From "File Structures: A Conceptual Toolkit" by Folk and Zoellick (p. 6):

	A few months ago one of us was interviewing an applicant for a
	position that involved working on a large information retrieval
	problem.  Over lunch we told the applicant about the difficulties
	we had finding a sort package suitable for sorting the hundreds
	of millions of records involved in the index structures for
	the system we were working on.  The applicant asked, "I suppose
	you use Quicksort for that?"

	His question can serve as a nice illustration of the difference
	between a typical _data structure_ course and the study of
	_file structures_.  [...]

	Unfortunately, he was also showing us that he had not had the
	opportunity to take a file structure course.  A file consisting
	of hundreds of millions of records is much too big to load into
	RAM for sorting.  The sorting must involve use of secondary storage.
	That means that we are no longer in a _random access_ environment;
	the cost of getting some pieces of information is now enormously
	more expensive than the cost of getting other information.
	[...]

	A later chapter gives careful consideration to the limitiations
	of secondary storage devices in the construction of a sorting
	algorithm that is very different than Quicksort.


-- 
A. Lester Buck		...!texbell!moray!siswat!buck

buck@siswat.UUCP (A. Lester Buck) (08/08/89)

In article <770@ocsmd.ocs.com>, glenn@ocsmd.ocs.com (glenn ford) writes:
> Let me explain to the world what I am currently doing.  At our work we
> do alot of B-tree builds which require a sorted text file as input
> to sort.  Thus the need for something fast, since the text file
> to sort can be up to 250 megabytes with about 12-15 million records
> to sort.  I currently run on a 6310 (VAX) that is about 5 mips rating
> with 780 at 1 mip.  Now the data is totally random and is spread
> across the alphabet pretty well.  Only requirements is that it be
> CASE sensitive (yes, it makes things REAL slow then!) and that
> you have a prefix offset.  Now I can sort about 1.5 megabytes per
> minute.  I use ONLY quicksort in memory and if I don't have enough
> memory I either a)split the file into multiple smaller files, then
> sort and append to output file or b) I call sortmerge (VAX sort)
> which takes care of those problems.  I usually use case a unless I
> have allready split the file.  I only split the original file, and
> I split it into 28 seperate files.
> Now, is there anything that can beat quicksort?

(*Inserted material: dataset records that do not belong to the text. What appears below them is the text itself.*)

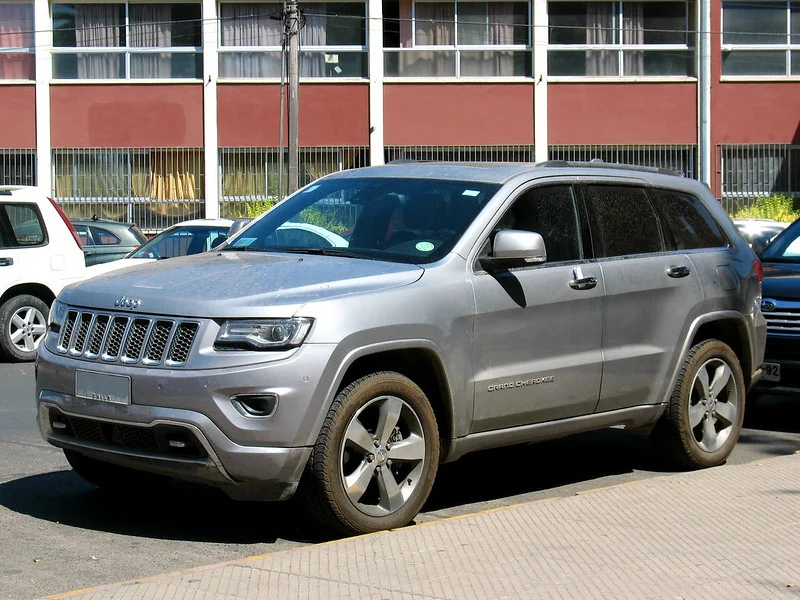 Silver Jeep Grand Cherokee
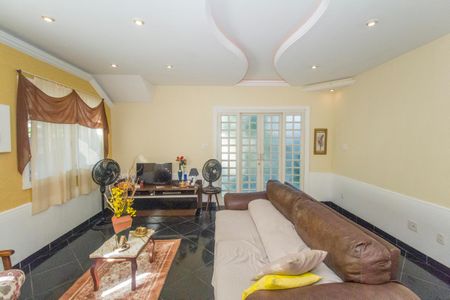 Sala de casa à venda com 3 quartos, 158m² em Realengo, Rio de Janeiro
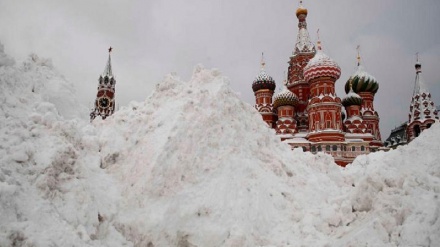 بارش برف بی سابقه در مسکو + فیلم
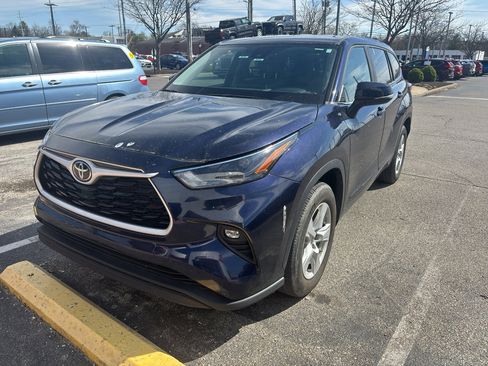 Used 2023 Toyota Highlander LE image 3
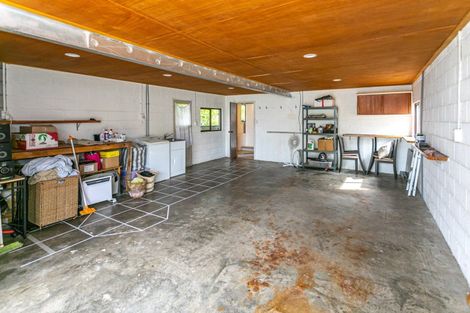 Photo of property in 20 Daphne Road, Tairua, 3508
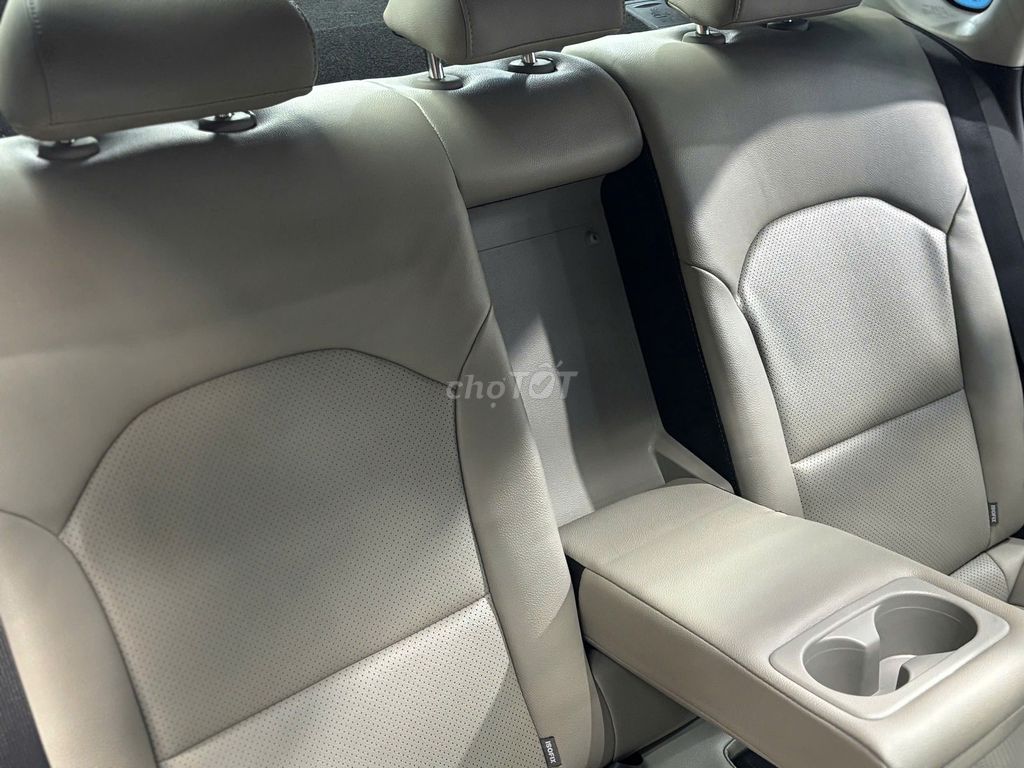 Kia Cerato 2019 1.6 AT Luxury - 20000 km. Mua bán Ô tô tại Huyện Hóc Môn Tp Hồ Chí Minh được đăng bởi Đạt hình 7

Sure.  Once you can't fit everything into memory, you have a sort/merge
problem.  I had the same problem of sorting magnetic tapes full
of fixed length records, up to about 160-180 MBytes.  I only have
one tape drive, so I, of course, have to simulate other tape drives
on disk.  If you do the in-core sort with quicksort, you generate
fixed length runs to merge.  Instead, you should use a replacement
selection sorting algorithm for the in-core sort, which, on the
average, generates runs twice as long.  (Much longer if the data
is nearly sorted, which mine sometimes is.)  This saves a lot of
tape handling in the merge phase.  (Or a lot of seeking on disk.)
I would hope that this is what the VAX sortmerge is doing.  But this is
definitely _not_ what Unix sort does, using qsort(3) for all sorts.
Just remember, if even one merge pass can be eliminated by longer
runs, then that means the entire file (~200 MBytes) needs to be
input one less time.

I had to write my own routines tuned for my application, but the
algorithms are described very clearly in several places.  I used
Baase, "Computer Algorithms", and Knuth Vol. 3.  A general discussion
in Folk and Zoellick, "File Structures: A Conceptual Toolkit"
covers various sorting problems, in-core and on disk.

-- 
A. Lester Buck		...!texbell!moray!siswat!buck

gwyn@smoke.BRL.MIL (Doug Gwyn) (08/26/89)

In article <422@siswat.UUCP> buck@siswat.UUCP (A. Lester Buck) writes:
>I would hope that this is what the VAX sortmerge is doing.  But this is
>definitely _not_ what Unix sort does, using qsort(3) for all sorts.

This claim was made before, and it was just as false then.  The UNIX
"sort" utility (all versions I've seen, definitely the SVR2 one) do
merge sorting via replacement selection.